On Wed, 2009-07-22 at 09:37 -0400, Brian Stansberry wrote:
If you shut down node 1 cleanly, it should be telling httpd itself
that
it's gone.
Or, if using HAModClusterService, and node2 was the HA singleton master,
node1 will tell node2 to tell httpd that node1 is gone...
Bela Ban wrote:
> When I have 2 nodes (node1, node2), and a session which is created on
> node1 (and replicated to node2), the following can happen:
>
> * I shut down node1 (CTRL-C)
> * node1 terminates cleanly
> * I access the webapp, but get a "Session temporarily unavailable"

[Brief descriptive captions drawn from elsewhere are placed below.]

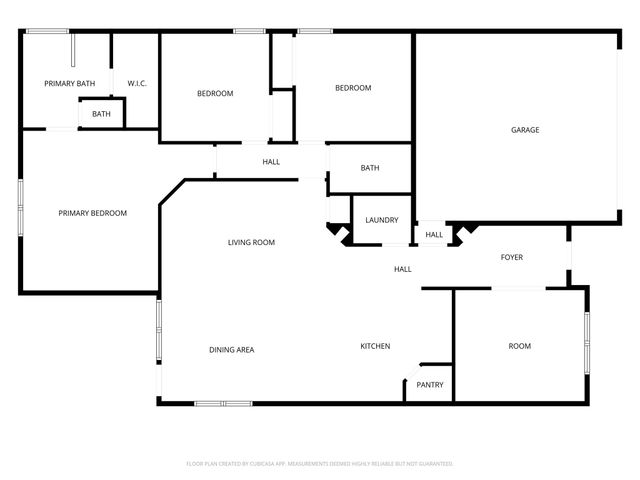 13214 Versace Dr Drive, Houston, TX 77044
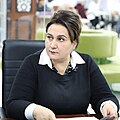 18:19, 2023-yil 1-avgust dagi versiya uchun tasvir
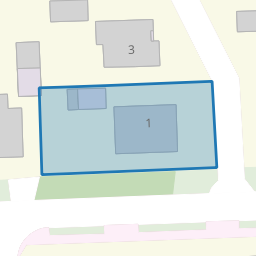 Perceel HZE00-A-4695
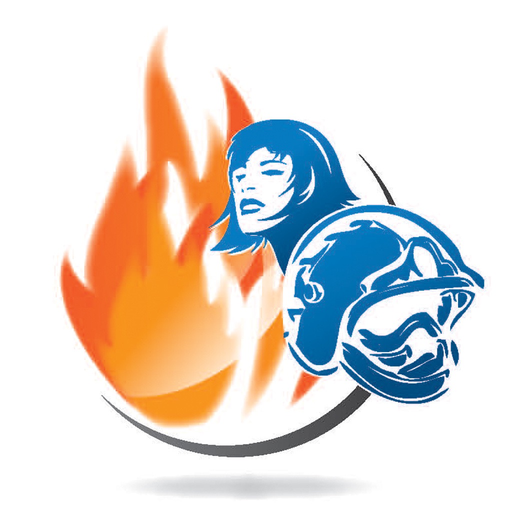 SPASDIS CFTC app icon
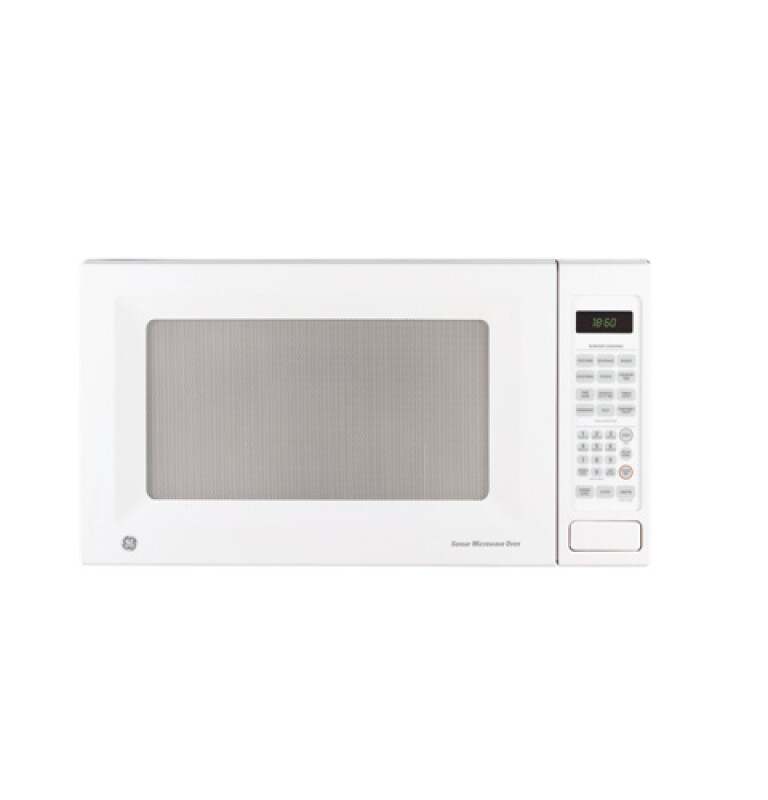 Countertop Microwave Oven JE1860WH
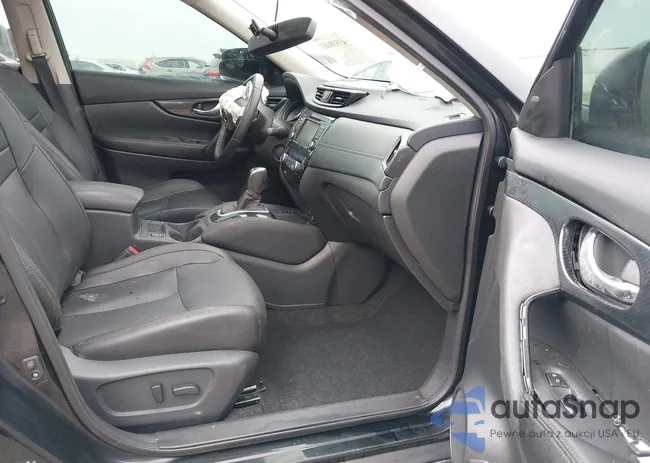 5N1AT2MTXKC727848: 43558683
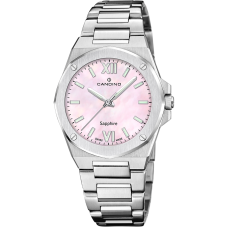 Женские часы Candino Lady Elegance C4775/7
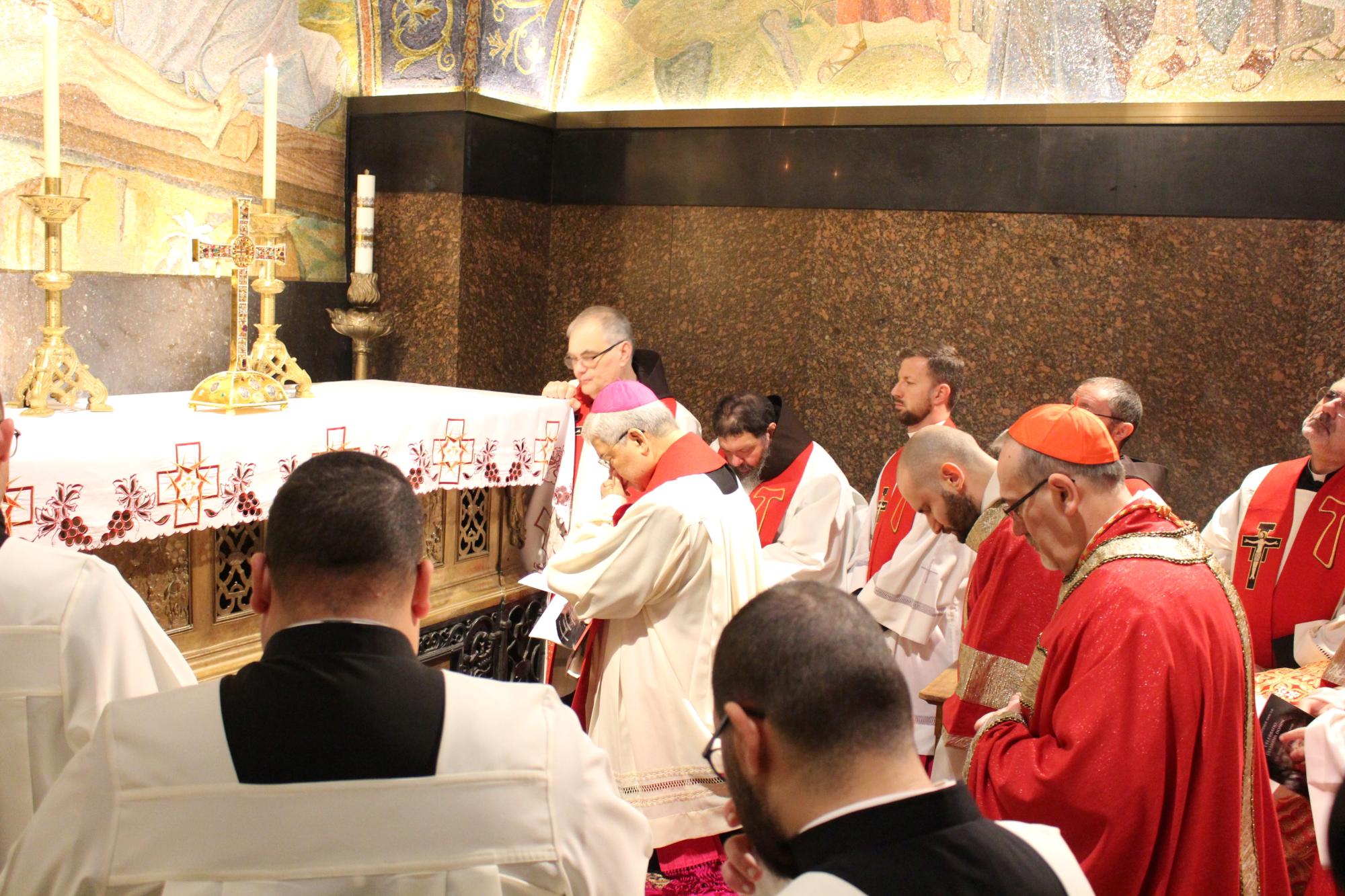 الاحتفالات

> failure message (I guess a 500)
> * When I check mod-cluster-manager, information about node1 is still
> there !
> * Ca 5 seconds later, mod-cluster-manager doesn't show node1 anymore
> * When I now access the webapp, I get the proper failed over session
> on node2 and all my data is still there
>
>
> So my question is why doesn't node2 immediately tell httpd/mod-cluster
> that node1 is gone ? It seems that httpd *itself* only learns about this
> when it pings the socket to node1...
I should be. Do you see the appropriate STOP_APP, REMOVE_APP messages
in your httpd access log?
> I recall Paul once telling me we hadn't implemented that
functionality,
> but I guess by now this is surely implemented ?
I never said that, but I think I know of the conversation to which you refer...
If you are running mod_cluster via HAModClusterService and node1 crashed
(instead of a clean shut down), node2 will not send any MCMP messages to
httpd on behalf of node1 when it receives a view change.